* _Directions_
Within the records below, find the line with "Hello Bio Premium" and the line with "Sac à déjeuner pour", then reproduce exactly those two lines and all lines between them, without any picture.

* _Record set_
◆ ◆ ◆ ◆

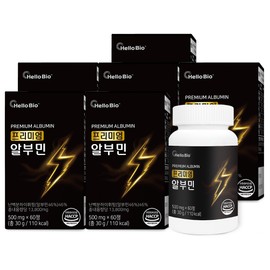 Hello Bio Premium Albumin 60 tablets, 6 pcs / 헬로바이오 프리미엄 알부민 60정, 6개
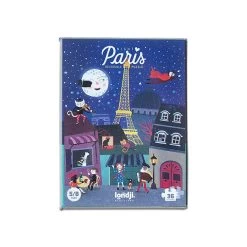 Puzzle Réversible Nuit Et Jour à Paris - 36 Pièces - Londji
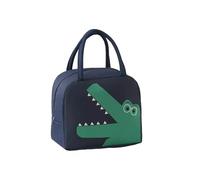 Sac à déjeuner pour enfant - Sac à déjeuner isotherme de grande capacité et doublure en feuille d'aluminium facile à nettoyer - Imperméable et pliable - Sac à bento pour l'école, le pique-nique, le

◆ ◆ ◆ ◆

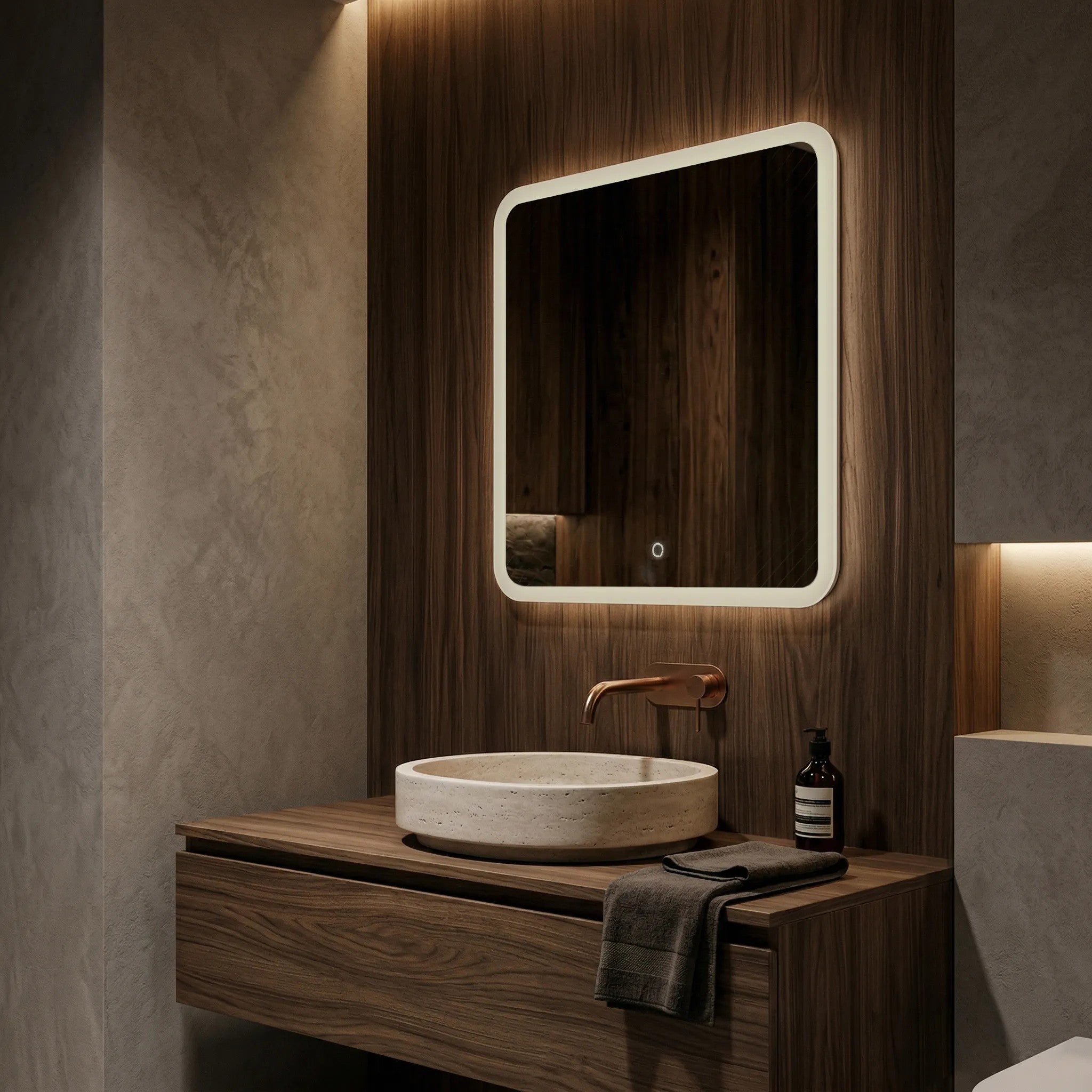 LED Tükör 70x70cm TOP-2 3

◆ ◆ ◆ ◆

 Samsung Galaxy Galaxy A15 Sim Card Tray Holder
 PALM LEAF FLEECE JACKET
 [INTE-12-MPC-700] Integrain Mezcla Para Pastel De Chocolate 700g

◆ ◆ ◆ ◆

* _Answer area_
 Hello Bio Premium Albumin 60 tablets, 6 pcs / 헬로바이오 프리미엄 알부민 60정, 6개
 Puzzle Réversible Nuit Et Jour à Paris - 36 Pièces - Londji
 Sac à déjeuner pour enfant - Sac à déjeuner isotherme de grande capacité et doublure en feuille d'aluminium facile à nettoyer - Imperméable et pliable - Sac à bento pour l'école, le pique-nique, le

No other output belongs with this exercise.